DOUGLAS
MENEZES*
Não só comovente e humano; nem apenas um
drama familiar dentro de uma produção bem realizada, que leva ao riso e ao
choro. Que nos faz refletir e virar
menino na sala escura. Mas uma obra que, sem ser genial, tem a importância de
nos alertar para a necessidade de valorização de nossos aspectos culturais mais
caros. O filme sobre Luiz Gonzaga e Gonzaguinha é daqueles que deveriam ser
vistos por todos os brasileiros, principalmente por tratar da existência de
dois ícones de nossa vida artística, assim classificados por absoluto mérito,
pela inserção comunicativa com a realidade do Brasil, cada um a seu modo.
Luiz Gonzaga de Pai para Filho, mesmo com
alguns classificando-o como filme “chapa
branca” e com toda a carga negativa que essa expressão carrega, é uma obra que
não se limita a uma biografia, tem pretensão de ser arte, até ficção, pela dramaticidade dada aos
conflitos, à vida conturbada, mas rica
porém, dos dois personagens. Quer ser arte e consegue.
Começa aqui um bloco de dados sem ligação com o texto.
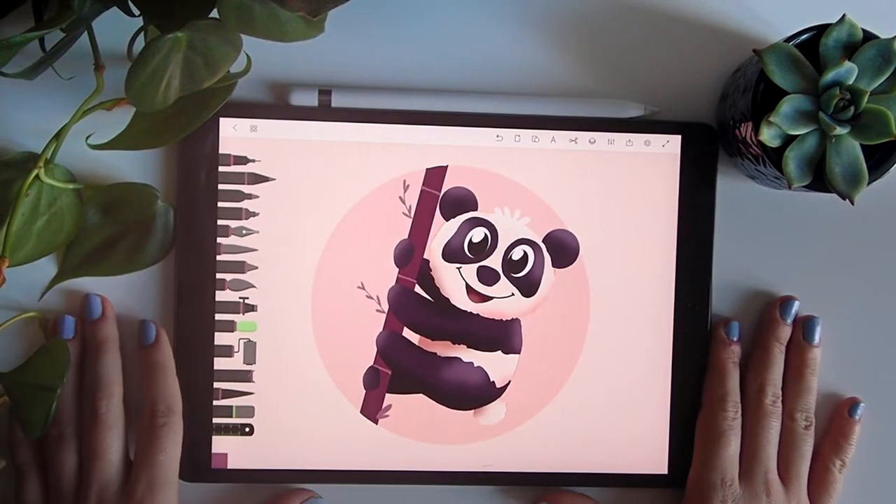Today I will show you how to draw this panda right here with his bamboo, so follow me.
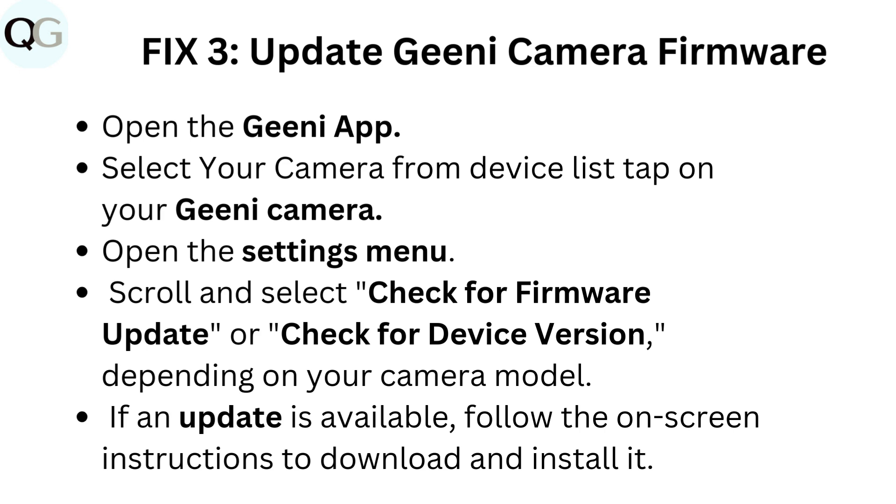Fix three: Update Genie camera firmware. Open the Genie app and select your camera from the device list. Open the settings menu, scroll and select check for firmware update or check for device version depending on your camera model. If an update is available, follow the on-screen instructions to download and install it.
A começar pela linguagem
simbólica, especial, conotativa, o que o
faz diferir de um simples documentário de duas vidas, levando-nos a um clima de
um trama romanesca, às vezes de tirar o
fôlego, apesar de em alguns momentos se tornar monótono. Um enredo tipicamente
de uma história de ficção, prendendo o espectador do começo ao fim, como se a
gente não soubesse o que aconteceu durante a passagem por aqui, de
Gonzaga e Gonzaguinha. É um presente ao público o ritmo do enredo, entrelaçado
com fatos históricos e músicas que marcaram a carreira dos dois. Ressaltemos,
inclusive, a coragem do autor, em
desvendar os aspectos negativos da
relação pai e filho. Mostrando, inclusive, ter sido Gonzaga um relapso, que não
cuidou como devia da educação e da afetividade de Gonzaguinha, expondo-o ao
mundo urbano violento e até a maus-tratos de sua segunda
mulher, muito embora a reconciliação venha a preencher a expectativa do
público, retomando a condição de ídolos
do país dos dois grandes artistas. Essa
coragem é outro mérito da obra: a de expor um ídolo nacional a sua condição
humana, de virtudes e defeitos.
Some-se a tudo isso, a dimensão dada à
diversidade brasileira. O Brasil urbano e rural. A mentalidade de um homem de
formação rude, e mesmo assim, sensível,
um conservador que ainda hoje encanta os modernos; e o outro, uma figura da
cidade, com uma obra revolucionária, portentosa, muito diferente do pai,
politicamente assumido como uma pessoa de esquerda e inimigo da ditadura
militar, ficando bem claro como eram
díspares as personalidades de ambos. E
esse Brasil contraditório do sertão e do cais; das feiras interioranas, que
ainda existem, e dos arranha-céus, já existentes em décadas passadas e do
sufoco urbano na luta pela sobrevivência, é mostrado com um certo ar de saudosismo,
mas querendo expressar que somos um e muitos ao mesmo tempo.
Então, vale a pena curtir esse filme. Não
sendo uma obra prima, nos leva, no
entanto, a entender que as
transformações mudam o mundo, mas que a tradição e a história formam os
alicerces para a identidade humana e cultural de um país.